ジェネレータは、関数名の後ろに*を付け、内部でyieldを実行することで定義することができます。

function* mygenerator(){
  let count = 0;
  count++;
  yield count;
  count++;
  yield count;
  count++;
  yield count;
}

このmygeneratorは、次のように使います。

for (const i of mygenerator()) {
    console.log(i);
}

ログには次のように出力されます。

1
2
3

これは、次の処理と同じ結果です。


for (const i of [1, 2, 3]) {
    console.log(i);
}

ジェネレータがどのように働くか、理解できたでしょうか。

mygeneratorの中でyieldが呼ばれると、mygeneratorは現在のcountを返して一旦処理を停止します。そして、forループから次の値を請求されると、停止した所から処理を再開し、また次のyieldで、値を返します。

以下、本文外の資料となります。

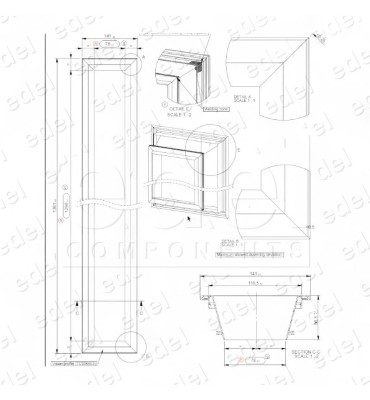 MARCO MIRILLA PUERTA SEMI FERMATOR TIPO 29235 ALUMINIO ANODIZADO PLATA 1361X141MM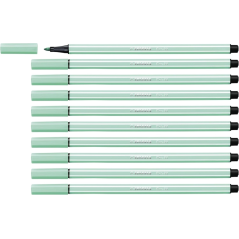 LOT de 10 Feutre à pointe fibre Stabilo Pen 68 - Largeur de trait : env. 1 mm - Encre à base d'eau - Vert glacier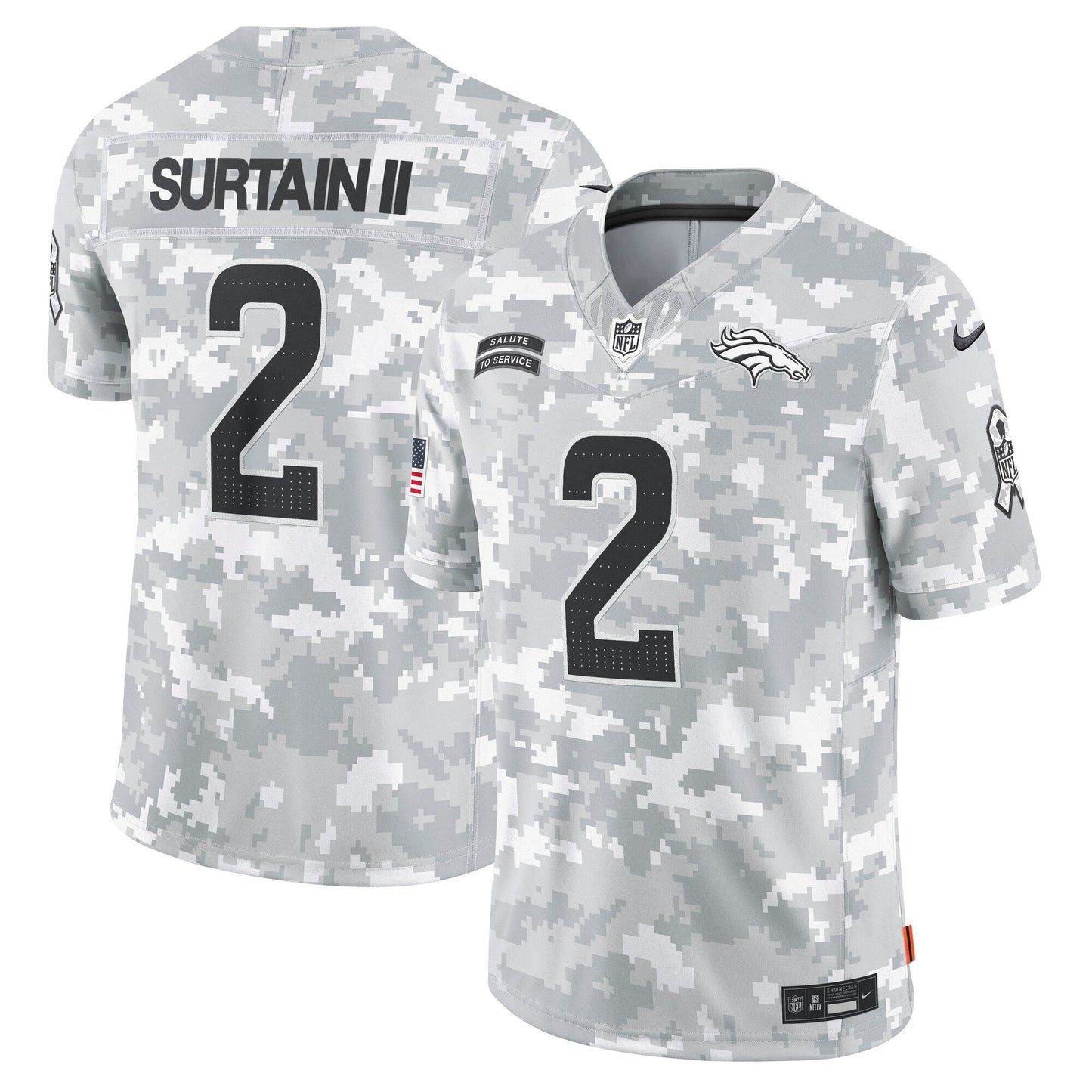 Patrick Surtain II Denver Broncos Nike 2024 Salute to Service Limited Jersey - Arctic Camo football jersey product view 1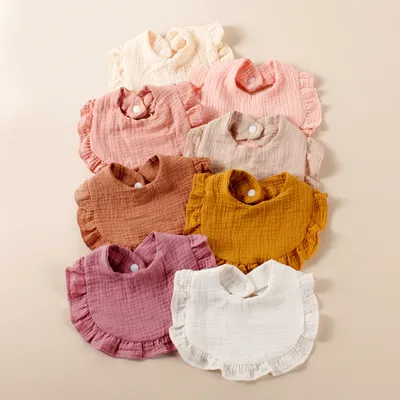 8pcs Newborn Cotton Ruffle Bibs Kids Feed Drool Bibs Toddler Cute Salive Towel Hot Sale Baby Burp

mygeneratorの最後まで実行したら、ループ(イテレーション)を終了します。

このような機能を「継続」と呼び、ジェネレータをイテレーション(配列データの繰り返し処理)の為ではなく、コルーチン(処理を一時的に止めたり再開したりする機能)として利用することも可能です。

まとめ

以上、モダンJavaScriptビンゴの回答編でした。

上記の構文は、最新のメジャーなブラウザで利用可能です。
そう、Chromeでも、Edgeでも、Firefoxでも、Operaでも、Safariでも、AndroidでもiOSでも、です。
それらのブラウザであっても、もちろん古いバージョンだと動かなかったりしますが…。

ターゲットブラウザの確認はしっかり行った上で、ぜひ使い倒していきましょう。